YOUR INSTRUCTIONS:
The lines to extract run from the start of the records through the line with "Luxury Villa Posh Cherry with Pool", both ends included; drop the pictures.

*** DATA PROVIDED Section Begins ***

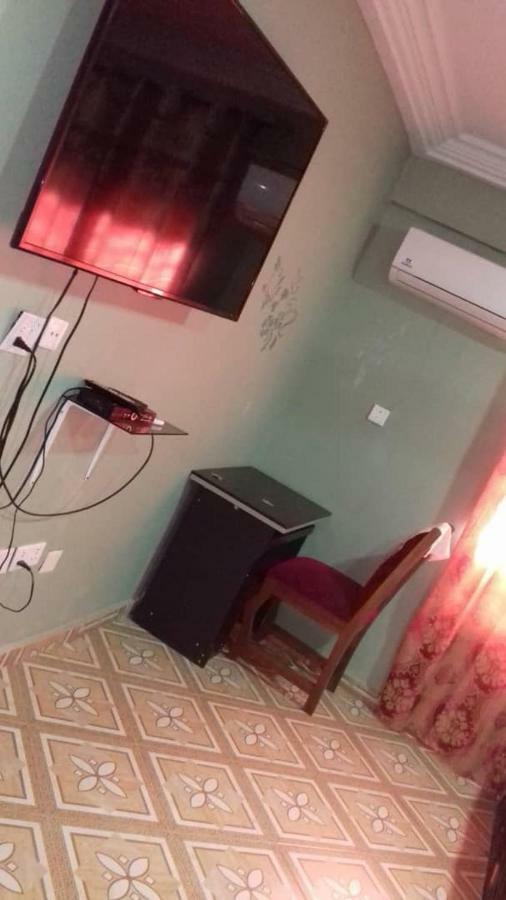 Gya-Son Royal Guest House Kumasi Bagian luar foto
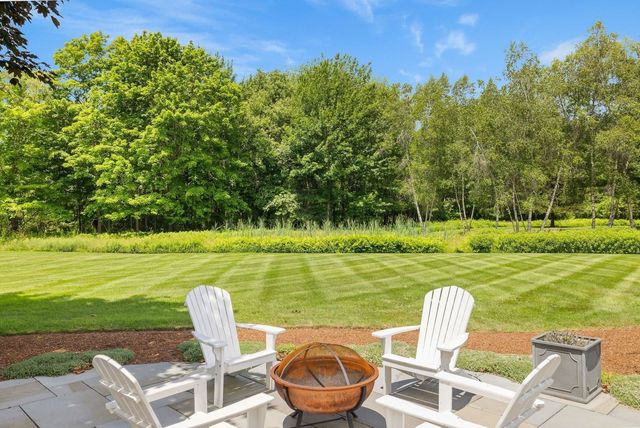 79 Atlantic Avenue, North Hampton, NH 03862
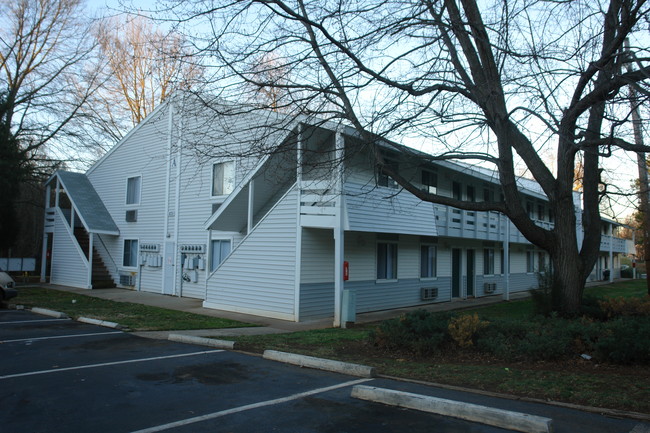 Oakhill Apartments in Davidson, NC - Building Photo - Building Photo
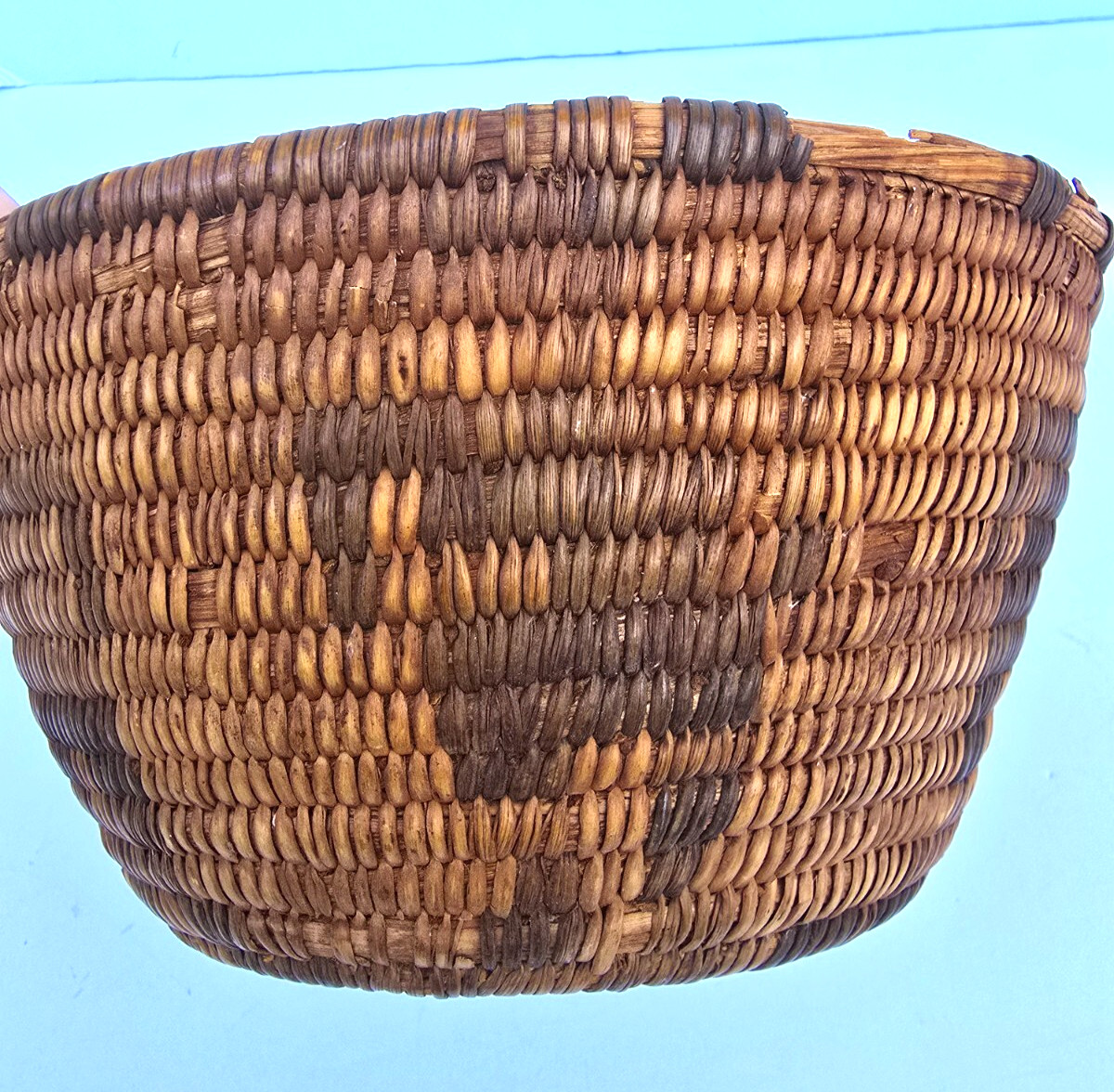 Apache Native American Figural Woven Handmade Basket w/ Human Figures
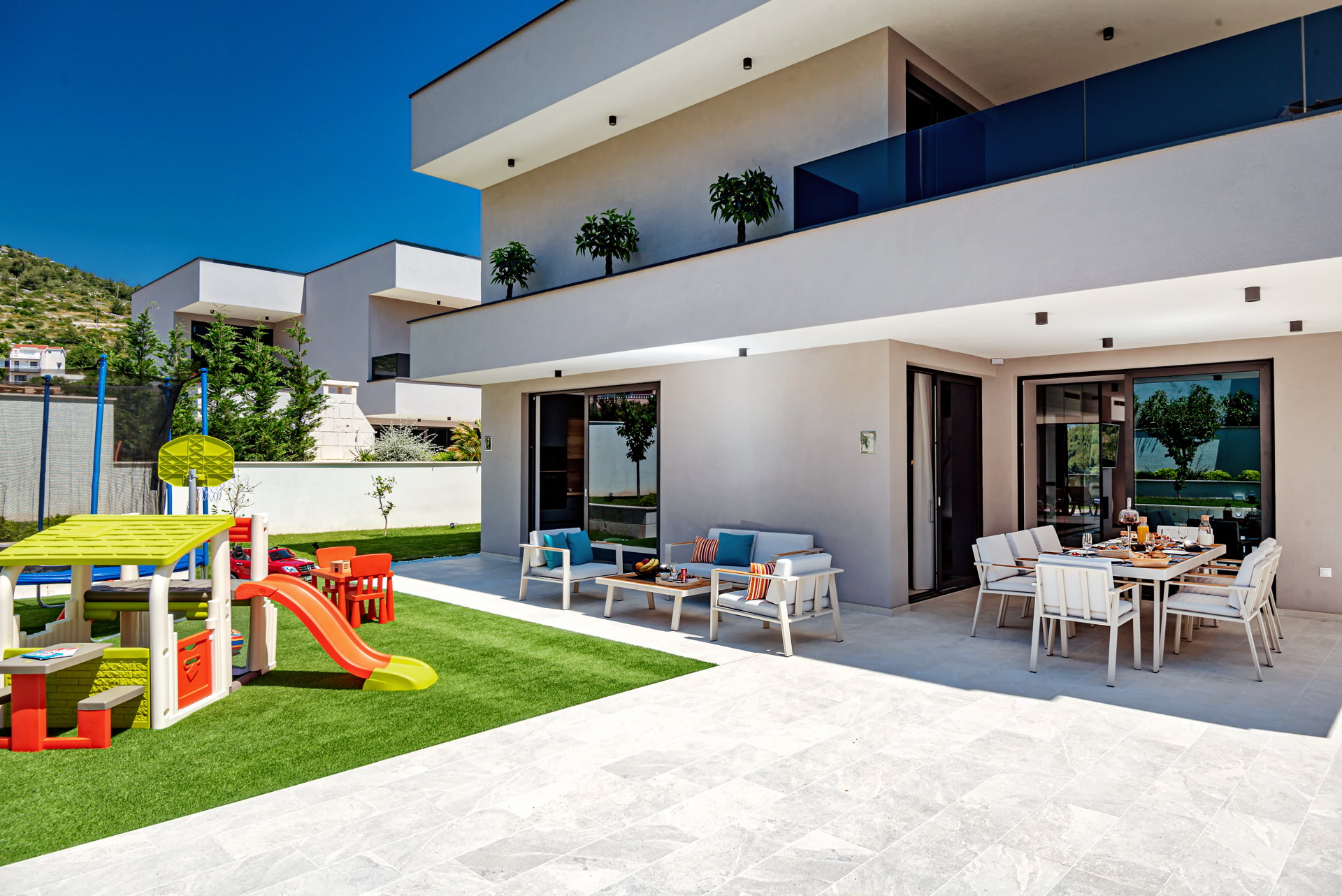 Luxury Villa Posh Cherry with Pool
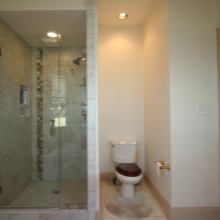 Ντουζιέρα σε μικρή μπανιέρα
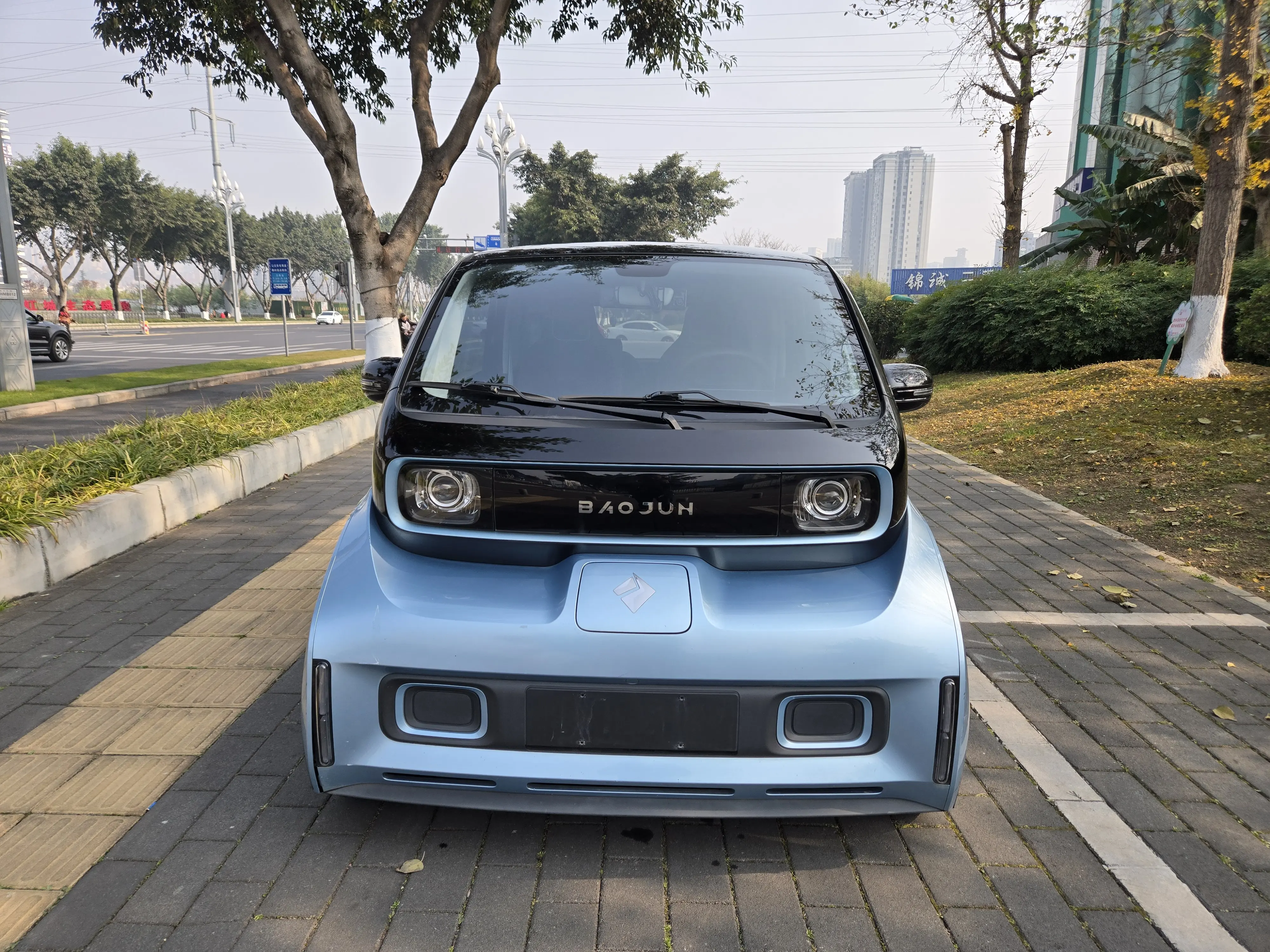 Baojun E300  из Китая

*** DATA PROVIDED Section Ends ***

OUTPUT FOR THIS TASK:
 Gya-Son Royal Guest House Kumasi Bagian luar foto
 79 Atlantic Avenue, North Hampton, NH 03862
 Oakhill Apartments in Davidson, NC - Building Photo - Building Photo
 Apache Native American Figural Woven Handmade Basket w/ Human Figures
 Luxury Villa Posh Cherry with Pool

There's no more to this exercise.